All of the entries should be restated word for word, but without their pictures.

** Opening Extracted entries block **

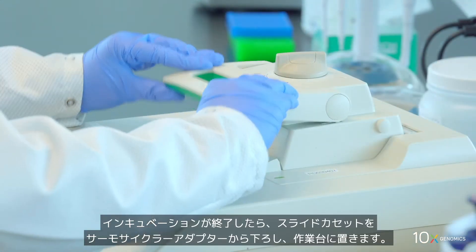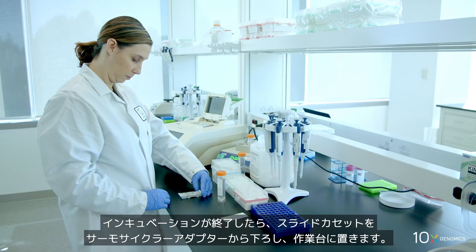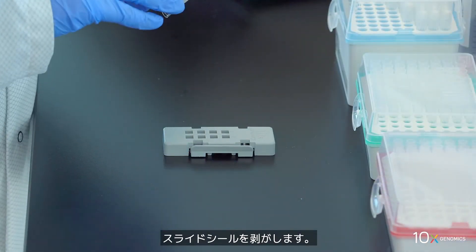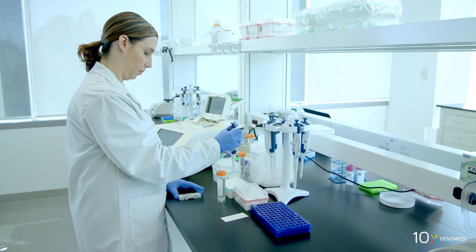At the end of incubation, remove the slide cassette from the thermocycler adapter and place on a flat clean work surface. Remove the slide seal, then remove tissue removal mix from the wells with the pipette set to 100 microliters. Next, we will remove the slide from the slide cassette.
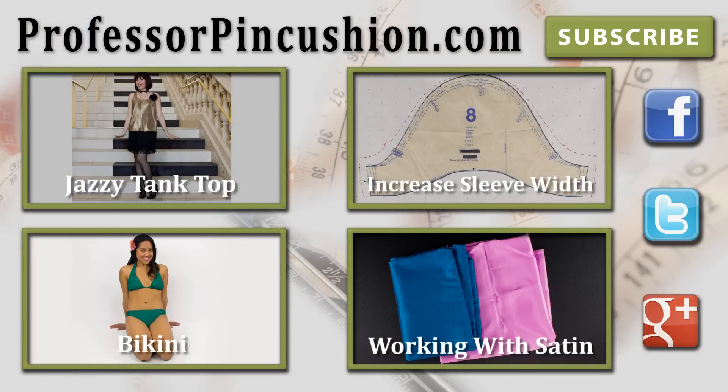Make sure to check out our other videos and visit ProfessorPincushion.com to view our complete library with well over 150 sewing video tutorials. New tutorials are released regularly so make sure to subscribe to be notified of the next release. Thanks for watching!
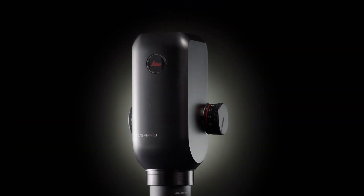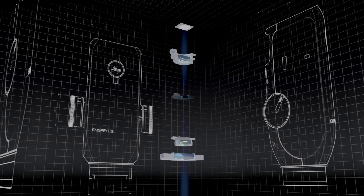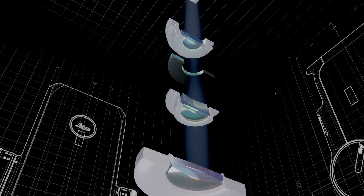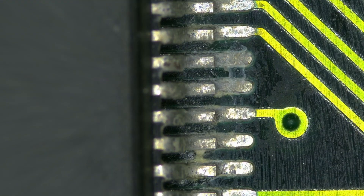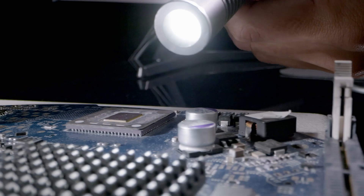The Inspira 3 is designed for robustness to maximize uptime. At its heart beats proven Leica high-quality optics with a zoom range of 8 to 1 and a 4K sensor, for top-of-the-line image quality. I mean, it's Leica Microsystems. What else do you expect?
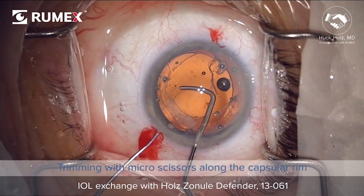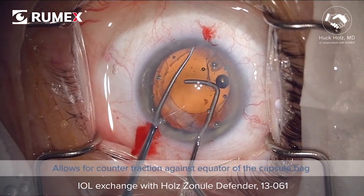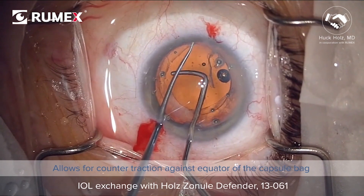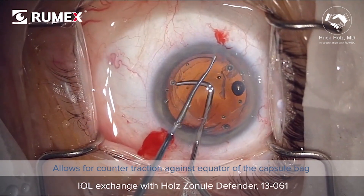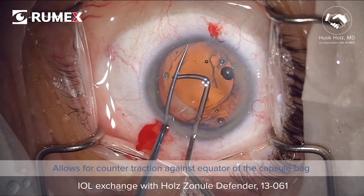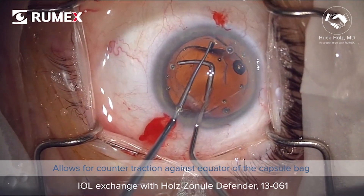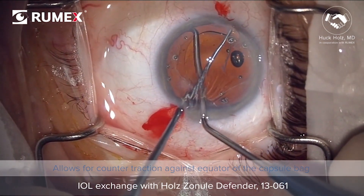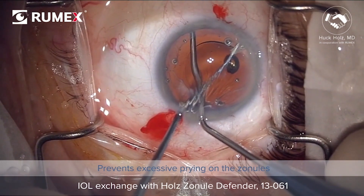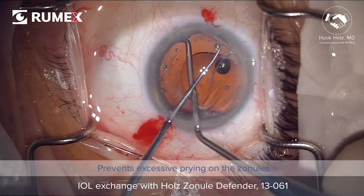The zonulesaver device, which is rounded and polished and curved to approximate the capsule bag equator, is inserted to allow for counter traction against the equator of the capsule bag. As the haptic is pried free, the counter traction device prevents excessive prying on the zonules and thus disinsertion of the zonules.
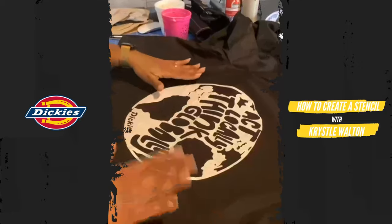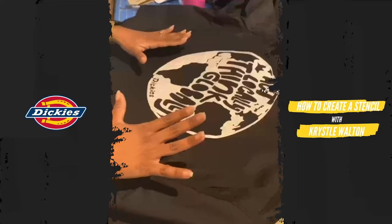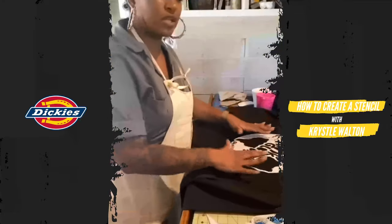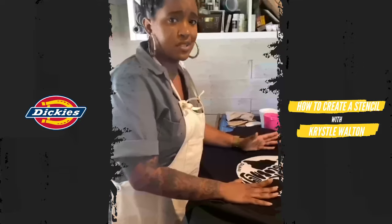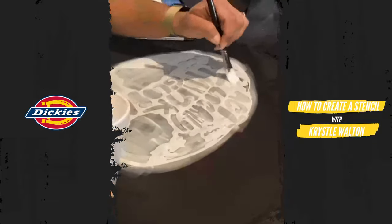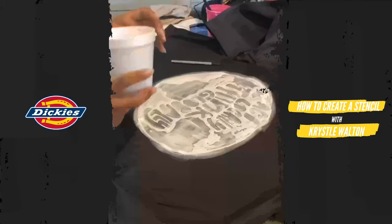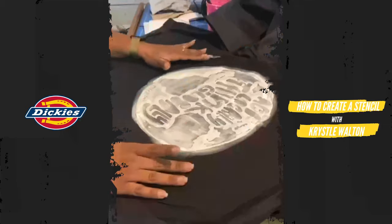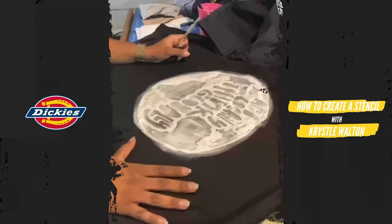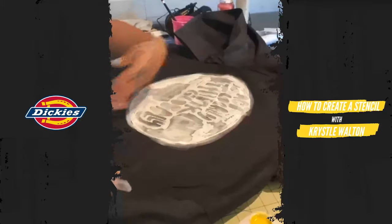Now that the stencil is stuck to the garment, we're ready to paint. The first thing you need to do is quickly put a coat of white paint covering the stencil. The adhesive is very light and will stick long enough for at least one coat of paint, which is all you really need. Once the paint is down, let it dry — it doesn't have to be 100% dry, but it can't be juicy wet because all the crisp lines you just created will bleed.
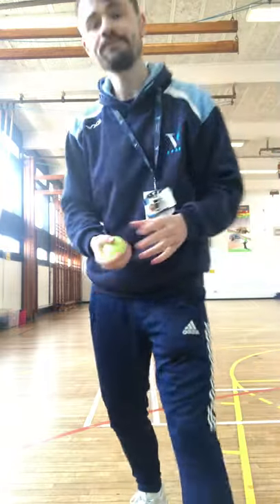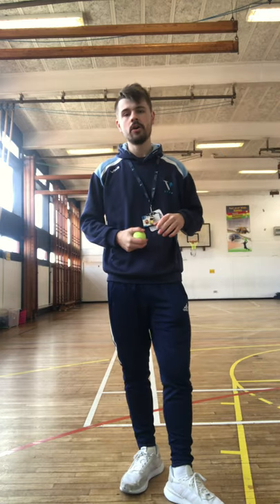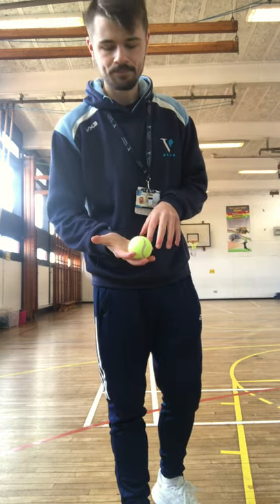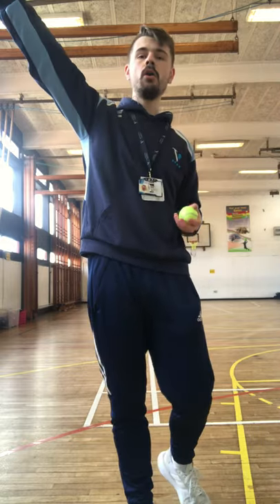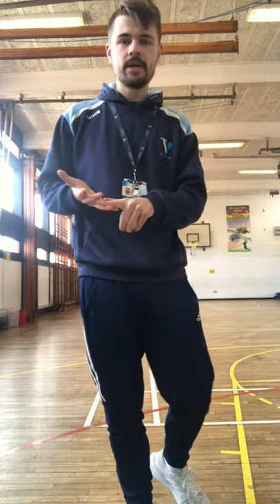If you've got a tennis ball at home, fantastic — any small ball will do. There's a rule to remember in shot put called 'clean palm, dirty fingers.' The ball is held in your fingertips, in a little pocket right there. When we're pushing, we push with our whole arm and the ball stays in our fingertips. Clean palm and dirty fingers — that's the main thing to remember when holding the ball.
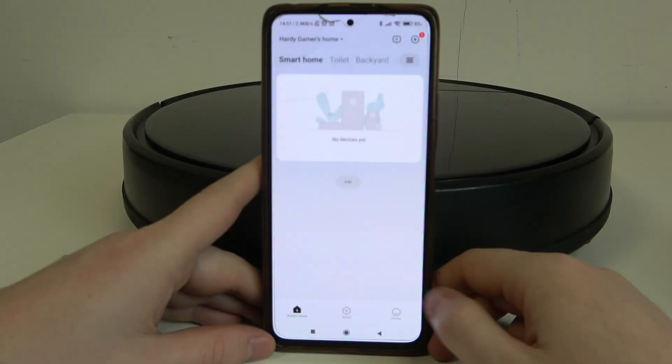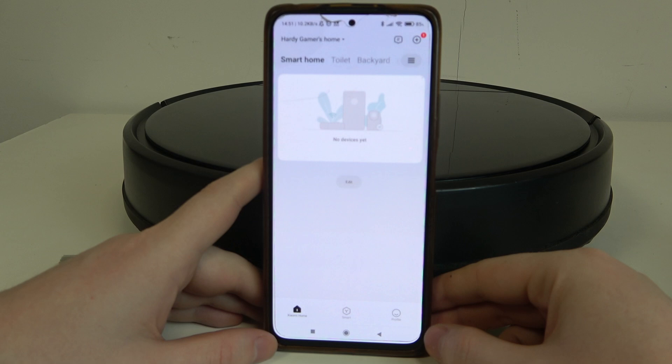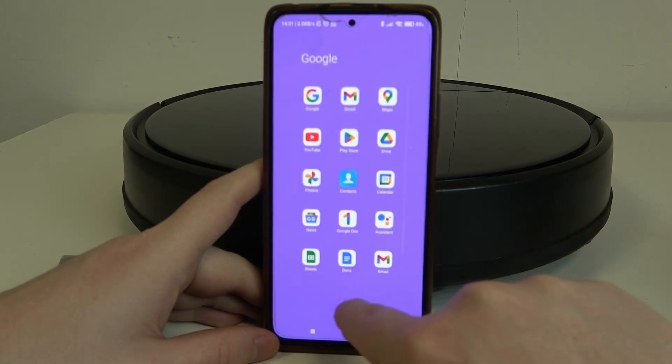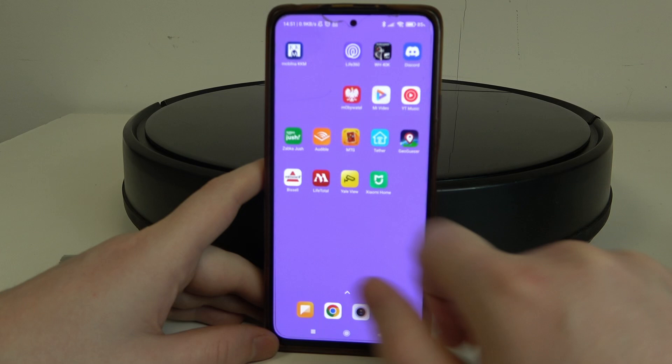Hello! In this video I want to show you how to perform first setup on the Viomi Robot Vacuum Cleaner V3. To do this, first you'll need to download an app called Xiaomi Home app — it's not Viomi, it's Xiaomi Home.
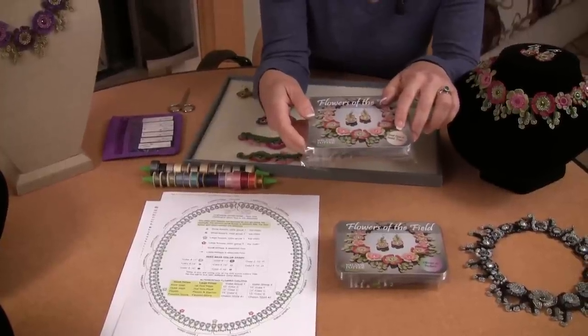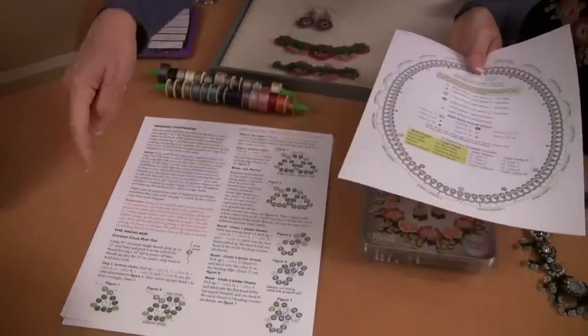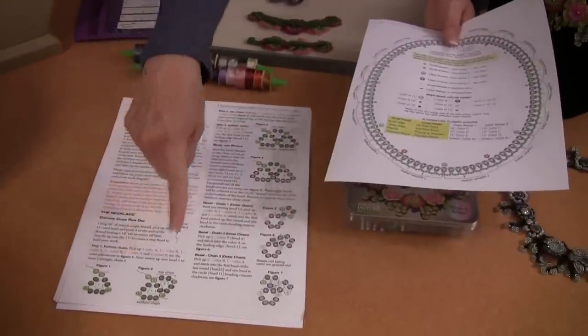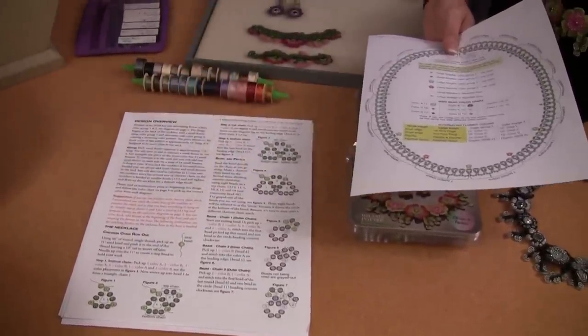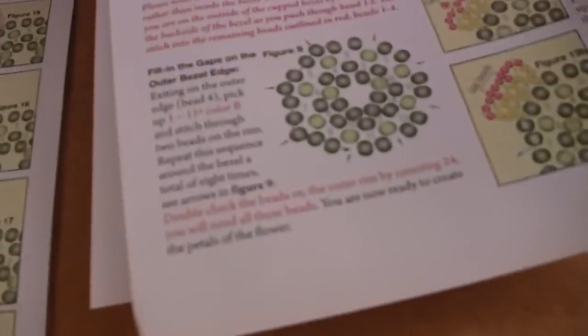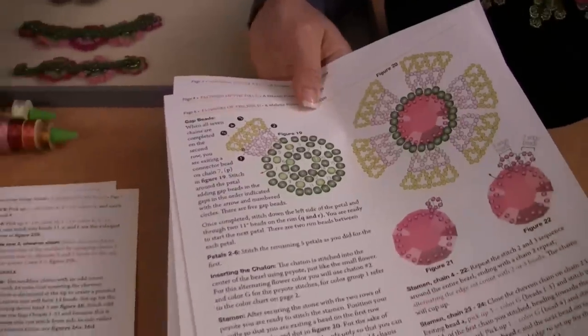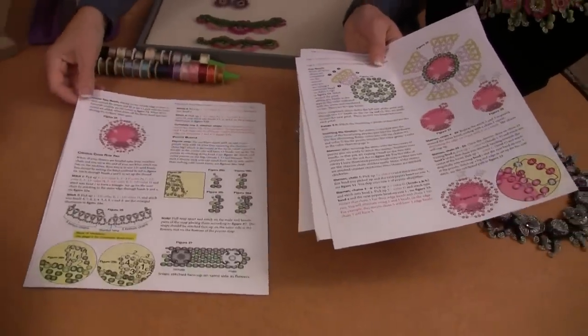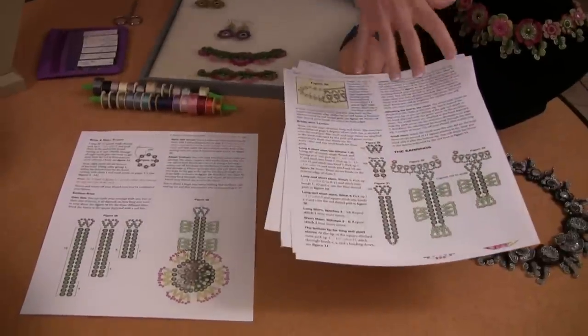It comes with a colored label that tells you which color palette it is — this particular one is Sand Opal and Smoke Topaz. To do this design, you simply follow the text step by step, looking at the diagrams as the text directs you to them. You will complete the necklace following all the text and illustrations in the pattern, including the clasp. There is a clasp at the back of the necklace which you can hardly see.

** Closing Extracted entries block **

> _Solution to this problem_
At the end of incubation, remove the slide cassette from the thermocycler adapter and place on a flat clean work surface. Remove the slide seal, then remove tissue removal mix from the wells with the pipette set to 100 microliters. Next, we will remove the slide from the slide cassette.
Make sure to check out our other videos and visit ProfessorPincushion.com to view our complete library with well over 150 sewing video tutorials. New tutorials are released regularly so make sure to subscribe to be notified of the next release. Thanks for watching!
The Inspira 3 is designed for robustness to maximize uptime. At its heart beats proven Leica high-quality optics with a zoom range of 8 to 1 and a 4K sensor, for top-of-the-line image quality. I mean, it's Leica Microsystems. What else do you expect?
The zonulesaver device, which is rounded and polished and curved to approximate the capsule bag equator, is inserted to allow for counter traction against the equator of the capsule bag. As the haptic is pried free, the counter traction device prevents excessive prying on the zonules and thus disinsertion of the zonules.
Now that the stencil is stuck to the garment, we're ready to paint. The first thing you need to do is quickly put a coat of white paint covering the stencil. The adhesive is very light and will stick long enough for at least one coat of paint, which is all you really need. Once the paint is down, let it dry — it doesn't have to be 100% dry, but it can't be juicy wet because all the crisp lines you just created will bleed.
If you've got a tennis ball at home, fantastic — any small ball will do. There's a rule to remember in shot put called 'clean palm, dirty fingers.' The ball is held in your fingertips, in a little pocket right there. When we're pushing, we push with our whole arm and the ball stays in our fingertips. Clean palm and dirty fingers — that's the main thing to remember when holding the ball.
Hello! In this video I want to show you how to perform first setup on the Viomi Robot Vacuum Cleaner V3. To do this, first you'll need to download an app called Xiaomi Home app — it's not Viomi, it's Xiaomi Home.
It comes with a colored label that tells you which color palette it is — this particular one is Sand Opal and Smoke Topaz. To do this design, you simply follow the text step by step, looking at the diagrams as the text directs you to them. You will complete the necklace following all the text and illustrations in the pattern, including the clasp. There is a clasp at the back of the necklace which you can hardly see.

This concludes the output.